2013年5月10日金曜日

専門演習紹介:西川和明ゼミ・”スーパーチェーン”株式会社いちいを訪問

※後援会報 第45号(2013.1/25発行)転載記事

増川 大輔(西川和明ゼミ生)

9月13日、福島大学経済経営学類西川ゼミはスーパーチェーン・株式会社いちいさんの本社を訪問して伊藤信弘社長にお会いし、その後、放射能測定室と店舗を見学させていただきました。

今回の訪問目的は、昨年3月の原子力発電所事故の影響で福島県産農産物が風評被害にさらされて来ている中で、いちいさんは一早く農産物の放射線検査を実施し、その値を店頭とホームページで公表するなど正確な情報を消費者に提供することで政府の基準に合致した安全な農産物を販売していることをアピールする対策を展開して来ており、そのことを社長にお聞きするためです。この訪問には福島県中小企業団体中央会さんがご協力くださいました。

同社は地域密着型のスーパーとして、福島県の中通り、特に福島市を中心に14店舗を展開しています。今後は県南地方にも展開していく予定だということです。明治25年、海産物商として創業しました。今ではスーパーマーケット事業だけでなくペット事業(ペッツマム)モスバーガーのフランチャイズ店も出しています。

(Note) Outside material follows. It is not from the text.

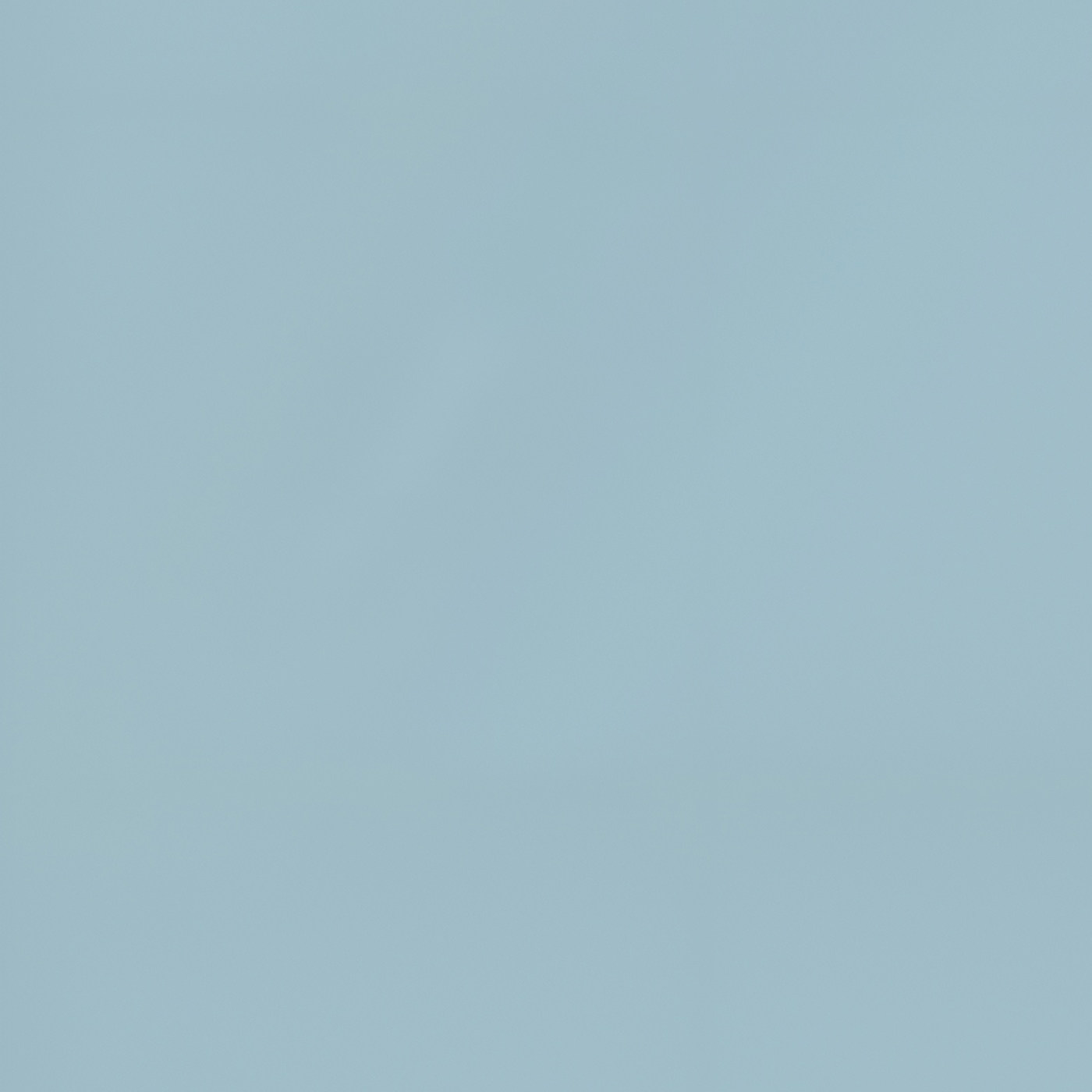 Пленка Бархат топаз 87559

福島県産品の放射能測定を県内でいち早く実施したのがいちいさんですが、当初は情報が不足しており測定器選び、実施する場所、検査方法など独自に調べながらの挑戦でした。また、他の企業がまだ実施していない中で先駆けて実施することに、社内でもかなりもめたとのことです。しかし、消費者の安心・安全のために実施することに踏み切りました。

測定器は当初何を選んで良いのかが分からず、社長の知り合いの方のつながりで鉛の厚さが5cmもある良いものを選ぶことが出来たとのことです(FNF401)。鉛が厚く、空間線量が低いほど正確な測定値取ることが出来るそうです。

検査場所についても外界の影響のなるべく小さいところということで窓のない台車洗浄室を改造して設置しました。方法についても、販売4日前に測定しその値の農産物を農家自らが販売するかどうかを決めることにし測定を開始しました。公表後は震災前に比べて売り上げが回復、上昇し、最初は公表を渋っていた農家の方々も同意してくれるようになりました。この測定結果はホームページ上だけでなく店舗にも冊子を置いており実際に手に取ってみることが出来ます。

また契約農家の方々との間では、基礎GAPと基礎カルテといって、土壌管理、実際の栽培と収穫・出荷のプロセスについて放射線対策も盛り込んで標準化した作業マニュアルづくりも進めてきました。これには福島大学も協力しています。基礎カルテは農業者の安全を確保することや消費者に安心を与えることが出来ます。また、ほ場、水、たい肥、土壌、収穫野菜、の放射能を測定し、それをシートに記入することで放射能の 推移も見ることが可能となります。信頼回復のためにはこのようなチェックを継続して行うこと、そして公表することが重要であるというポリシーのもとで進められています。「数値の変動も見られるので将来に繋がる」、「自信を持って商品を販売できる」、と農家の方々も前向きだそうです。

基礎GAPはより良い農業の実践・慣習のことです。まず、ほ場点検シートを使って準備、農薬管理、堆肥管理、衛生管理、放射性物質対策、作業者の安全、記録を作付け前に行います。次に品目別チェックします。準備、残留農薬防止、病原微生物汚染防止、異物混入防止、放射性物質対策、記録を出荷前に行います。これら二つのチェックを行い消費者である私たちに安心と安全を提供しています。

海産品の測定については漁獲された海域を明示して公表しています。これは水揚げ場所が北海道、青森などとなっていても漁獲海域が異なることがあるからです。太平洋側を6つの海域に分けて表記しています。

放射線測定機で測定するには、サンプルを細かくして容器に隙間なく入れなければなりません。フードプロセッサーを用いて固形物を砕くことがあるそうですが、昨年7月以来なので3代目のプロセッサーを使っていました。実際に見てみるとかなり手間のかかる作業であることが分かりました。

消費者である私たちの安全のために努力されていることが今回の訪問で深く感じることが出来ました。今現在では同社での福島県産品の売り上げは震災前よりも伸びており、県外からも励ましのメールが届いたり、わざわざ福島県産を買う方もいるとのことです。私たちも安全であればなるだけ県内産の食材を買うように心がけています。

会社を離れるとき、伊藤社長は温かい笑顔で送ってくださいました。ありがとうございました。